Recording of Sensory Neuron Activity and Temperature Stimulus
The neuronal activity of the sensory neurons associated with the S. coelocapitulum was investigated by extracellular recordings. The precise positioning of the reference and the recording electrode was controlled by two digital micromanipulators (NanoControlNC40, Kleindiek, Germany). As reference electrode, an electrolytically sharpened tungsten electrode was inserted deep into the last segment of the flagellum. As recording electrode, a glass capillary (1B100F-3, Precision Instruments, USA) was used and two electrodes were produced by a micropipette-puller (P-97 Flaming/Brown, Sutter Instrument, USA). The recording electrodes had a resistance of 7–60 MΩ when filled with 1M KCl. The recordings were band passed filtered (100 Hz–3 kHz) and amplified 1000× (BA-03X amplifier, npi, Germany). Additionally, a digital filter (Humbug, Quest Scientific, Canada) was used to reduce the electrical noise. The voltage signals of the sensory neurons were sampled at a frequency of 25 kHz.
Temperature was recorded with a PFA-insulated T/C-thermocouple (5TC-TT-TITI, Omega, US and Canada), positioned 0.2–0.5 cm behind the recording side. The thermocouples were connected to a Thermocouple input module (NI9214, National Instruments, USA) at a sampling rate of 4 Hz in high-resolution mode. This configuration resulted in an accuracy of temperature measures of 0.01°C. The voltage of the neuronal signals and temperature were recorded simultaneously.
The neuronal activity of the sensory neurons was recorded by placing the electrode in close proximity to a S. coelocapitulum. The temperature-controlled airstream was directed onto the antennal tip along the longitudinal axis of the antenna. The recording electrode was inserted in an off-axis angle into the shallow depression next to the mushroom like protrusion of the S. coelocapitulum. This arrangement of the recording electrode with respect to the airstream ensures minimal impact of the electrode to the stimulus application, and the very sharp tip of the electrode may only have a small impact on additional heat-flow from the electrode to the sensillum or vice versa. The stereotyped positioning of the electrode may be one reason why we measured in most cases only two of the probably three neurons of the S. coelocapitulum (Nakanishi et al., 2009).

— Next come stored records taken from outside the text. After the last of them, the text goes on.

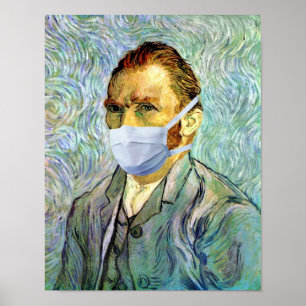 Pôster Temporada de Gripe Van Gogh Com Máscara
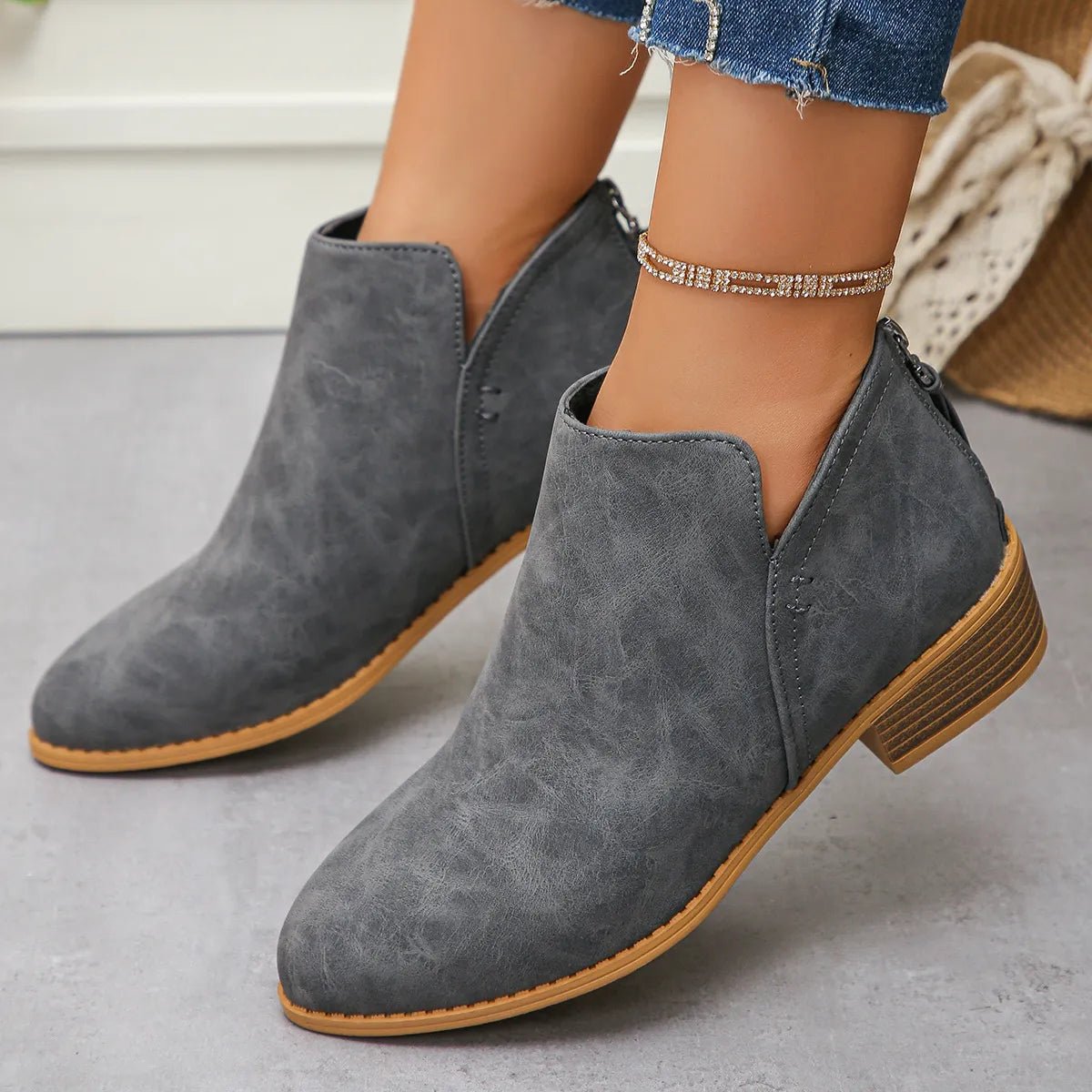 Classic Block Heel Ankle Boots - TheMomCo.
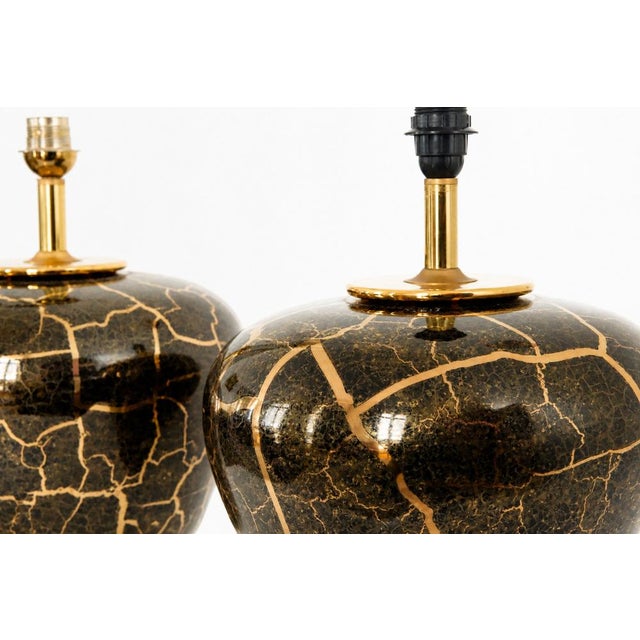 Black Baluster Shaped Table Lamps in Glazed Black and Gold Ceramic, Set of 2 For Sale - Image 8 of 18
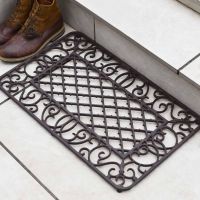 Natural Cast Iron Ornate "Aureate" Rectangular Doormat
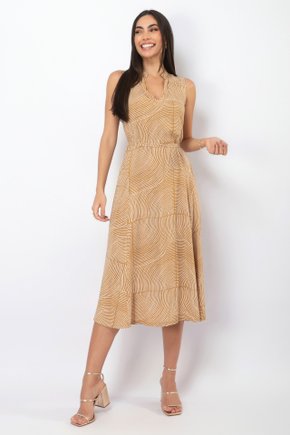 01 vestido midi campestre forrado feminino zaiko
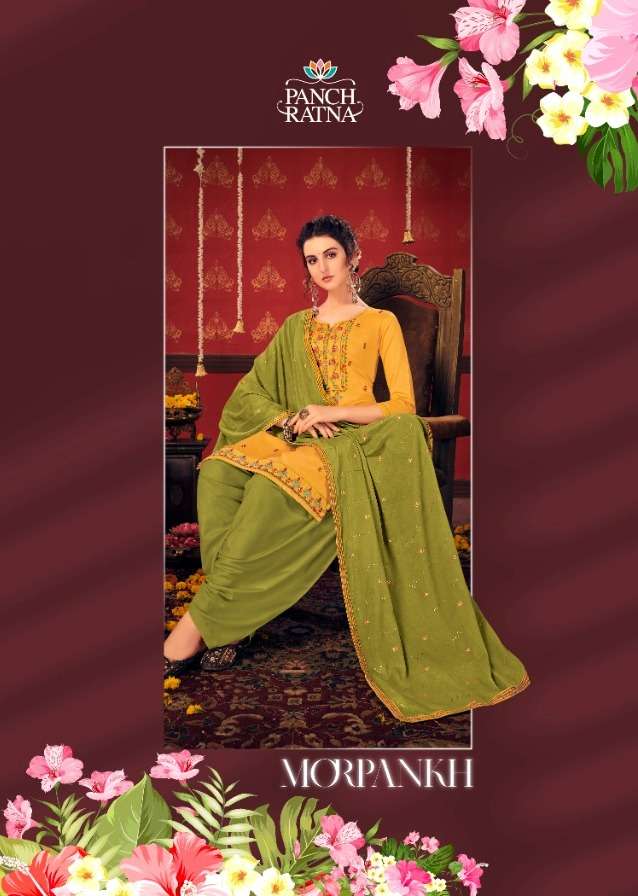 MORPANKH BY PANCH RATNA 11851 TO 11855 SERIES DESIGNER SILK DRESSES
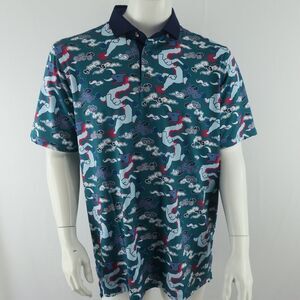 Greyson Golf Polo Shirt‎ Mens Large Wolf Slayer Polo Green Oriental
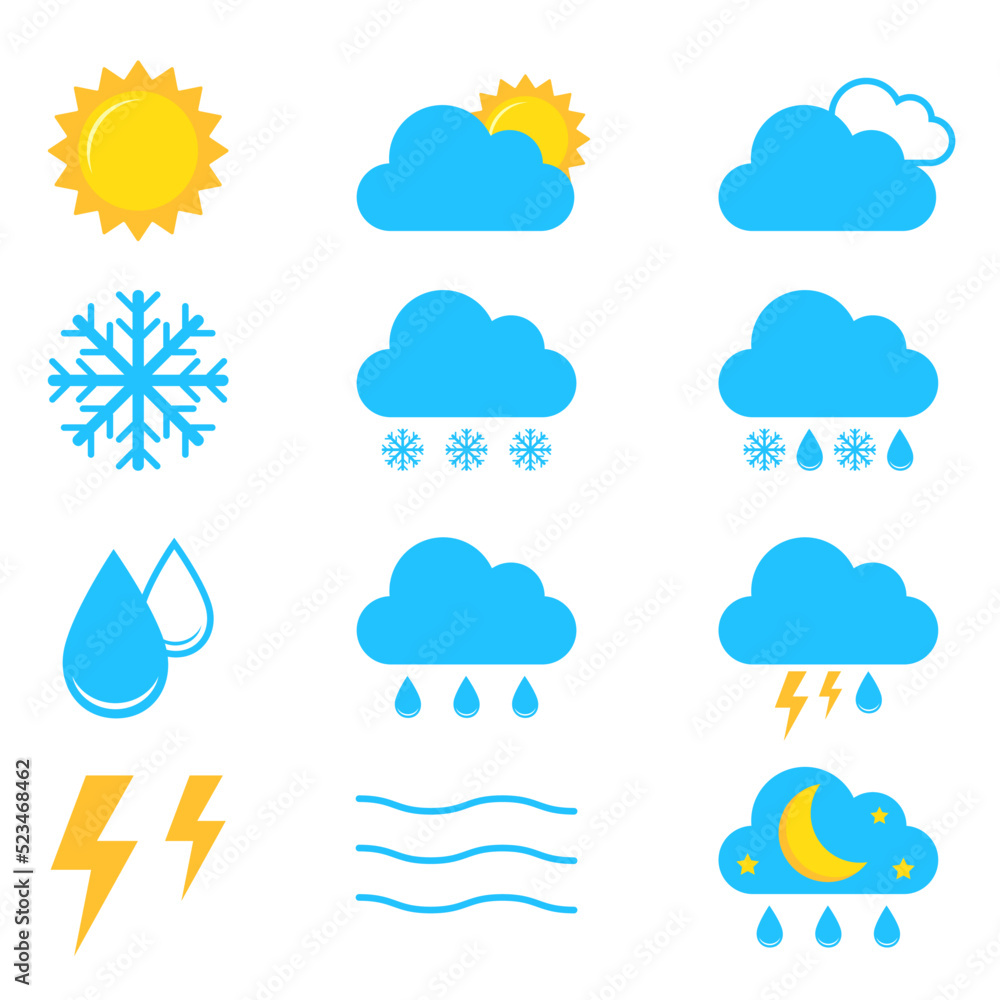 Forecast. Weather icons set on white background Forecast. Weather icons set on white background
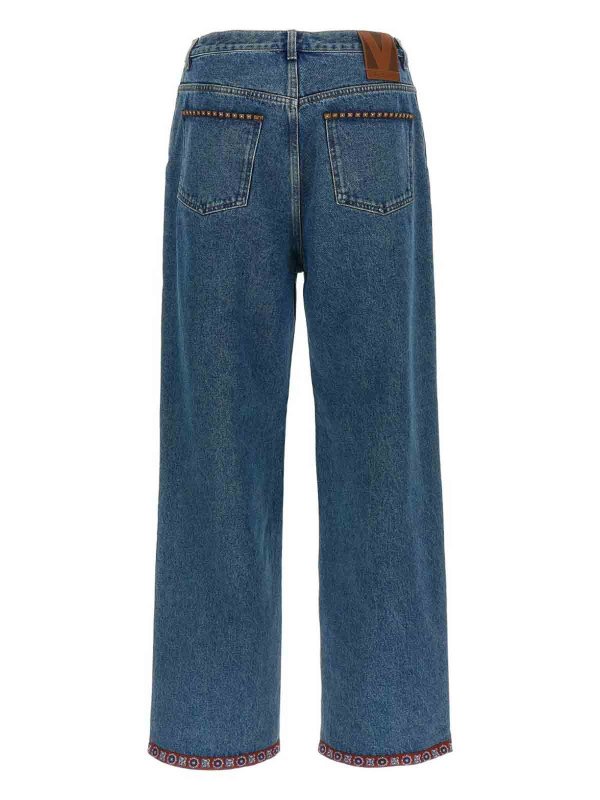 VALENTINO: straight leg jeans online - Embroidered Denim Jeans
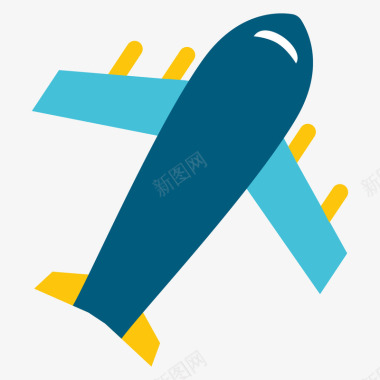 起飞蓝色扁平化飞机元素图标图标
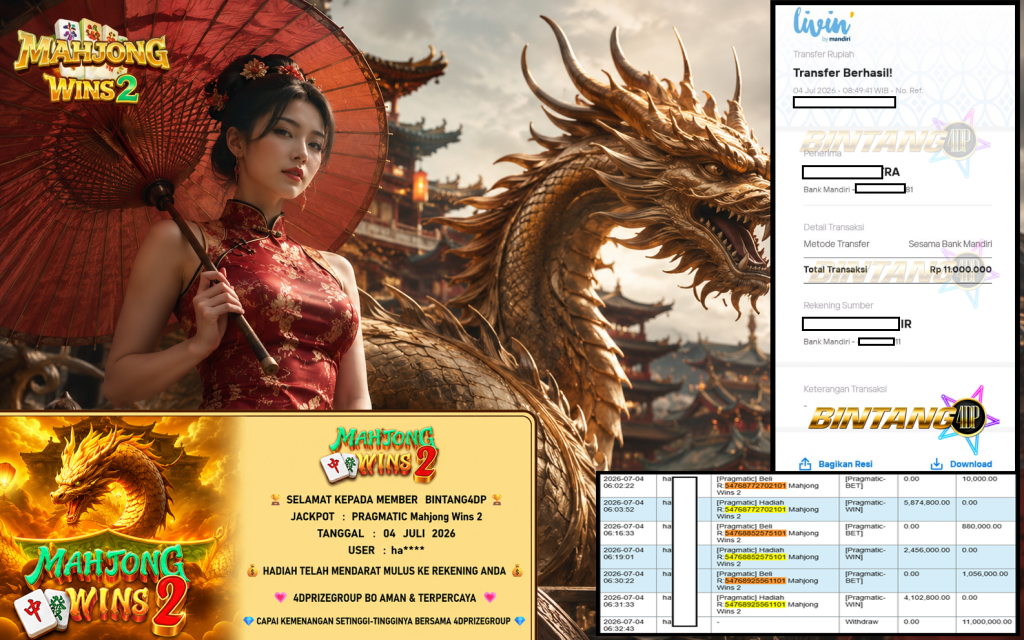 BINTANG4DP JACKPOT PRAGMATIC “Mahjong Wins 2″‎‏‏‎‎ Rp11.000.000,- LUNAS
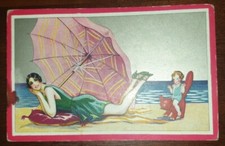 Cartolina ill Corbella spiaggia ombrellone donnina bambino gatto art deco nouvea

Data Analyses and Statistics
The extracellular recordings with sharp glass electrodes allowed measuring small voltage changes (spikes), corresponding to action potentials (APs) of the neurons. The amplitude and the shape of the spikes depend on physical properties of the sensillum, size of the neurons and also the vicinity of the recording electrode to the sensory neurons. The spikes of different sensory neurons can be discriminated based on shape and amplitude, and thereby activity can be assigned to different sensory neurons.
In those cases where more than one sensory neuron was recorded, the signal-to-noise ratio was good for one of the sensory neurons, whereas the spike-amplitude of a second neuron was close to noise level and segregated from noise by the shape of its spikes. The spikes were sorted using Spike2-software (Spike2 v7.03, Cambridge Electronic Design, UK) and further analyses were done using R-software (RDC-Team, 2012). If not otherwise stated, all calculations on the temperature stimulus and the neuronal activity were done in 1 s windows.
Analysis of a Cold-Sensitive Neuron, Coding for Temperature Changes (TT-Neuron)
In all recordings, the spikes with high amplitude can be assigned to a cold-sensitive neuron, responding to temperature changing rates (TT-neuron), and adaptations during steady state temperature conditions. We quantified the response properties using the instantaneous frequency (IF; reciprocal of the inter spike interval) for describing the neuronal response and the temperature changing rate as the adequate stimulus.
Even without temperature stimulation, the IF of the TT-neurons is variable, and in order to compensate for this variability, we calculated the median IF in a 1 s bin. The average of the activity at steady state condition (10 s before stimulus onset) was used to normalize the neuronal activity during one recording and resulted in a normalized instantaneous frequency (nIF in %). This normalization of the median IF allows the comparison of different TT-neurons across animals. We averaged the nIF 10 s before the stimulus onset and calculated the corresponding SD. The two fold SD was used as a measure of noise.
The response of the sensory neurons followed the Weber-Fechner-law, therefore we log-transformed the temperature changing rate (stimulus intensity) and described the dose-response curve, using a linear regression. We calculated a linear regression on the nIFs that were above the noise level of the resting activity during stimulation. Only measurements with a significant linear regression (p < 0.05) and a Pearson’s correlation index above 0.3 (moderate positive relationship) or below −0.3 (moderate negative relationship) were used for further analyses. We calculated the noise level of the nIF during temperature stimulation by calculating the two fold SD-value with respect to the linear regression.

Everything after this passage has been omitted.